Original Value Preservation

When normalizing identifiers using SSSOM mappings, Koza preserves the original values. This allows tracing back to the source data.

original_subject and original_object Columns

After normalization, edges gain two new columns:

original_subject: The subject ID before normalization (NULL if unchanged)
original_object: The object ID before normalization (NULL if unchanged)
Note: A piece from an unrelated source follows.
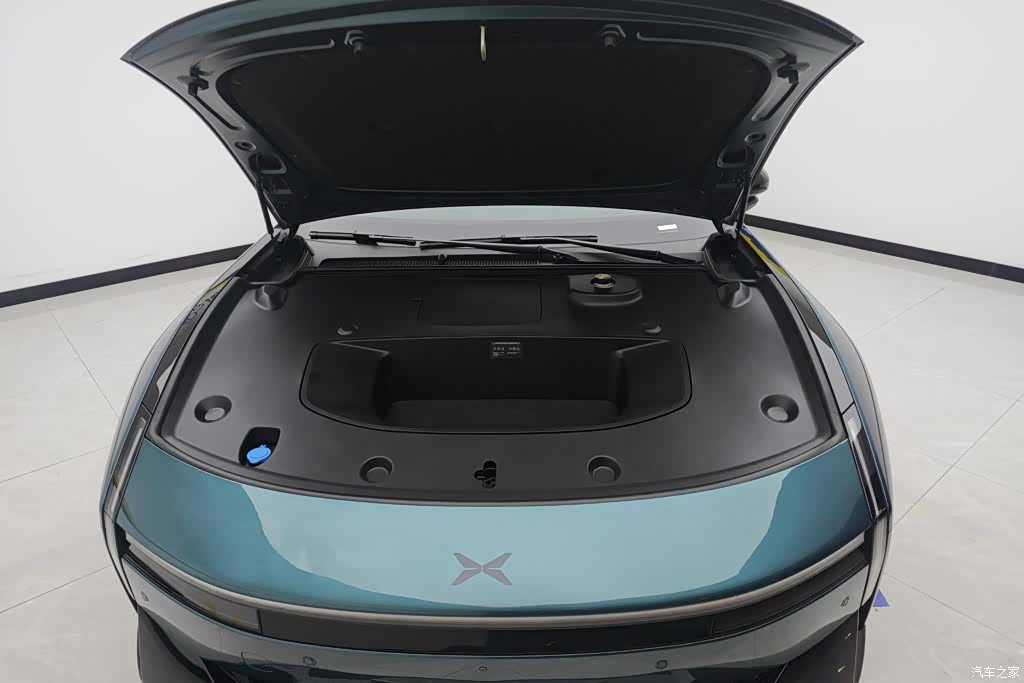 Xpeng P7, 2025 10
-- Example: Find edges that were normalized
SELECT subject, original_subject, object, original_object
FROM edges
WHERE original_subject IS NOT NULL
   OR original_object IS NOT NULL;

-- Compare before and after
SELECT
    original_subject as before,
    subject as after,
    COUNT(*) as edge_count
FROM edges
WHERE original_subject IS NOT NULL
GROUP BY original_subject, subject
ORDER BY edge_count DESC;

Capabilities of Preserving Originals

Debugging: Check what IDs an edge had before normalization
Validation: Compare normalized IDs against expected mappings
Reversibility: Reconstruct the original graph if needed
Provenance: Full audit trail of transformations applied to each record

Recovery via SQL

Archive tables are standard DuckDB tables. You can query them directly and recover data if needed.

Query Archive Tables

-- Connect to the database
-- duckdb graph.duckdb

-- View all archive tables
SHOW TABLES;

-- Count records in each archive
SELECT 'dangling_edges' as table_name, COUNT(*) as count FROM dangling_edges
UNION ALL
SELECT 'duplicate_nodes', COUNT(*) FROM duplicate_nodes
UNION ALL
SELECT 'duplicate_edges', COUNT(*) FROM duplicate_edges
UNION ALL
SELECT 'singleton_nodes', COUNT(*) FROM singleton_nodes;

Re-insert Recovered Data

If you determine that archived data should be restored:

-- Restore specific dangling edges (perhaps after adding missing nodes)
INSERT INTO edges
SELECT * FROM dangling_edges
WHERE file_source = 'my_source';

-- Restore singleton nodes
INSERT INTO nodes
SELECT * FROM singleton_nodes
WHERE category = 'biolink:Gene';

Analyze Patterns in Problem Data

-- Find common patterns in dangling edges
SELECT
    file_source,
    COUNT(*) as dangling_count,
    COUNT(DISTINCT subject) as unique_subjects,
    COUNT(DISTINCT object) as unique_objects
FROM dangling_edges
GROUP BY file_source
ORDER BY dangling_count DESC;

-- Identify which source files contribute most duplicates
SELECT
    file_source,
    COUNT(DISTINCT id) as duplicate_ids,
    COUNT(*) as total_duplicate_rows
FROM duplicate_nodes
GROUP BY file_source
ORDER BY duplicate_ids DESC;

Why This Matters

Non-destructive data operations support production knowledge graph workflows:

QC Analysis

Archive tables support quality control analysis:

-- Generate a QC summary
SELECT
    (SELECT COUNT(*) FROM nodes) as active_nodes,
    (SELECT COUNT(*) FROM edges) as active_edges,
    (SELECT COUNT(*) FROM dangling_edges) as dangling_edges,
    (SELECT COUNT(*) FROM duplicate_nodes) as duplicate_node_rows,
    (SELECT COUNT(*) FROM singleton_nodes) as singleton_nodes;

Debugging Data Issues

When something looks wrong in your graph, archive tables help answer:

Why are certain edges missing? (Check dangling_edges)
Why is this node's data different than expected? (Check duplicate_nodes)
Why are some entities disconnected? (Check singleton_nodes)

Compliance and Auditing

For regulated environments or reproducible science:

Full provenance: Every record can be traced to its source file
Complete audit trail: Archive tables document all removals
Reproducibility: Re-running with the same inputs produces the same outputs
Transparency: QC reports based on archive tables explain exactly what was cleaned

Safe Iteration

Non-destructive operations allow iteration on pipelines:

Try aggressive cleaning, inspect results, adjust parameters
Compare archive table contents between runs
Recover from mistakes without re-running upstream processing

This approach ensures that Koza graph operations preserve data while allowing cleaning and transformation.